● What the task requires: A faithful, complete copy of the entries is the sole expected answer.

● Exercise material:

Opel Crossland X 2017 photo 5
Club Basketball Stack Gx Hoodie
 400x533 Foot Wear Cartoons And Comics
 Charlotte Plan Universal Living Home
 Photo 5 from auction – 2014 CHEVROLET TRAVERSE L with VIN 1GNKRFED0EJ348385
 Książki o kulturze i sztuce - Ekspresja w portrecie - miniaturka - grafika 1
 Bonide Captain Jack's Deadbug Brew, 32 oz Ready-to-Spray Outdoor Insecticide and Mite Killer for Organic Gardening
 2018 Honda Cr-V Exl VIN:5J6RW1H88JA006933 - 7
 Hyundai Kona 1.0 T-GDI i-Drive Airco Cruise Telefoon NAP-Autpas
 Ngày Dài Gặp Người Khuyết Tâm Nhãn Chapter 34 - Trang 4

● Task response:
Opel Crossland X 2017 photo 5
Club Basketball Stack Gx Hoodie
 400x533 Foot Wear Cartoons And Comics
 Charlotte Plan Universal Living Home
 Photo 5 from auction – 2014 CHEVROLET TRAVERSE L with VIN 1GNKRFED0EJ348385
 Książki o kulturze i sztuce - Ekspresja w portrecie - miniaturka - grafika 1
 Bonide Captain Jack's Deadbug Brew, 32 oz Ready-to-Spray Outdoor Insecticide and Mite Killer for Organic Gardening
 2018 Honda Cr-V Exl VIN:5J6RW1H88JA006933 - 7
 Hyundai Kona 1.0 T-GDI i-Drive Airco Cruise Telefoon NAP-Autpas
 Ngày Dài Gặp Người Khuyết Tâm Nhãn Chapter 34 - Trang 4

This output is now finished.